What the task asks ::
Your reply should contain the whole listing below, repeated exactly, and no images.
── Record extracts
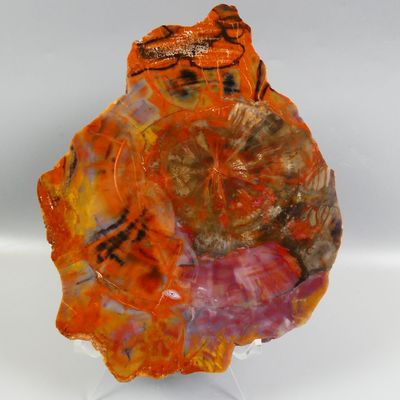 Fossiles de collection. Bois fossile, tranche polie, Arizona… - Photo 1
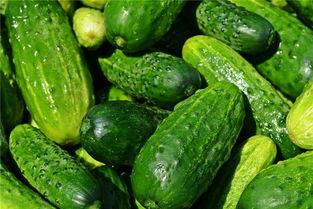 梦见在饭店吃瓜,饭店瓜香四溢,揭秘潜意识中的美食诱惑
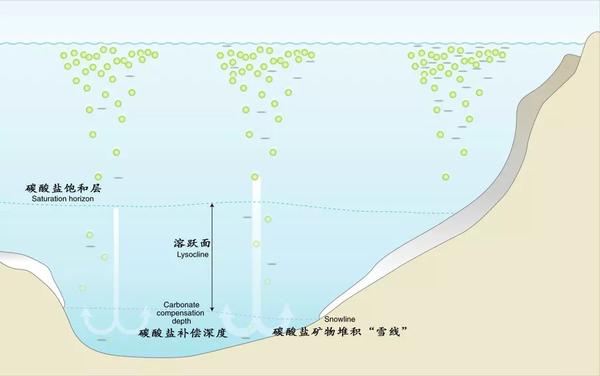 前沿报道naturegeoscience生物钙化作用对海洋酸化事件的响应与反馈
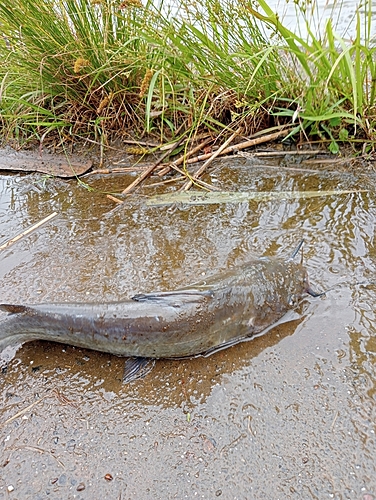 アメリカナマズの釣果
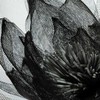 Eurofirany KW/ORGANZA/2/JUODA JUODA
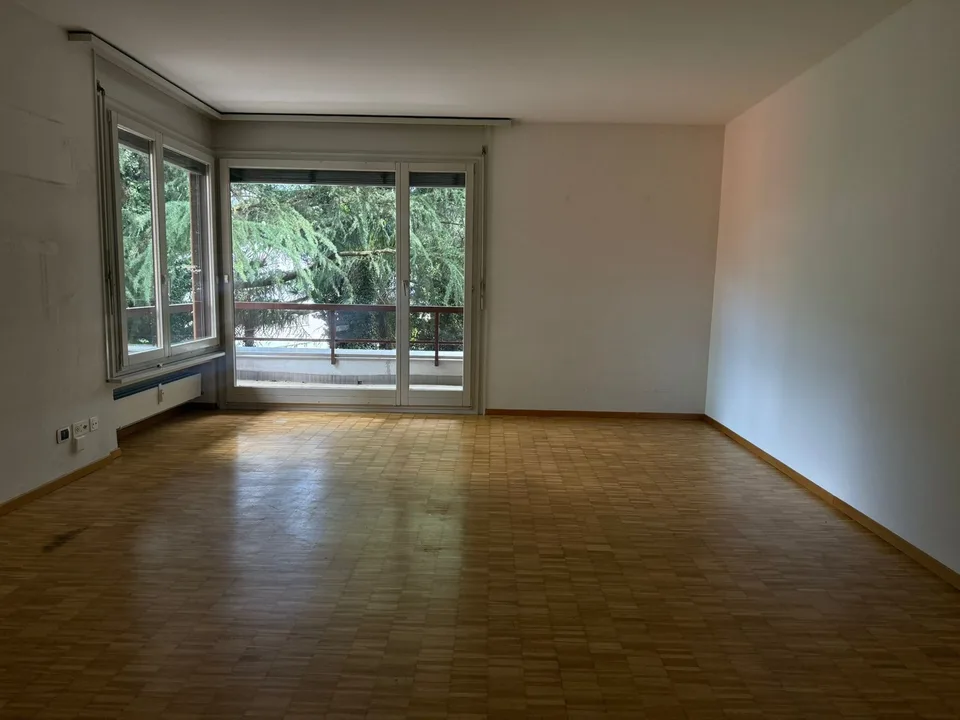 Disponible immédiatement - fraîchement peint, grand, spacieux appartement 4,5 pièces avec 3 grands balcons – photo 7 sur 26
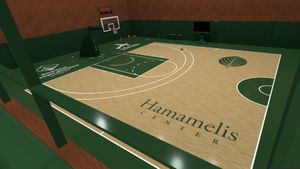 VR SHOOT AROUND - Rialistic basketball simulator -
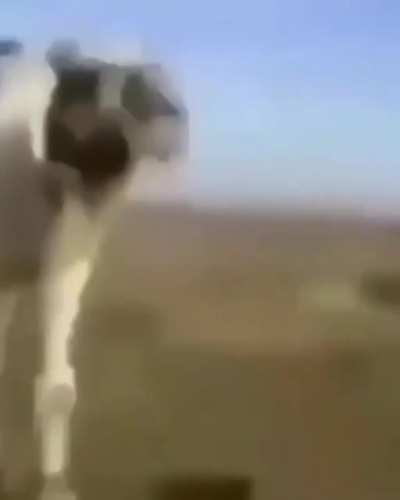 Camello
────
Solution for this task ::
 Fossiles de collection. Bois fossile, tranche polie, Arizona… - Photo 1
 梦见在饭店吃瓜,饭店瓜香四溢,揭秘潜意识中的美食诱惑
 前沿报道naturegeoscience生物钙化作用对海洋酸化事件的响应与反馈
 アメリカナマズの釣果
 Eurofirany KW/ORGANZA/2/JUODA JUODA
 Disponible immédiatement - fraîchement peint, grand, spacieux appartement 4,5 pièces avec 3 grands balcons – photo 7 sur 26
 VR SHOOT AROUND - Rialistic basketball simulator -
 Camello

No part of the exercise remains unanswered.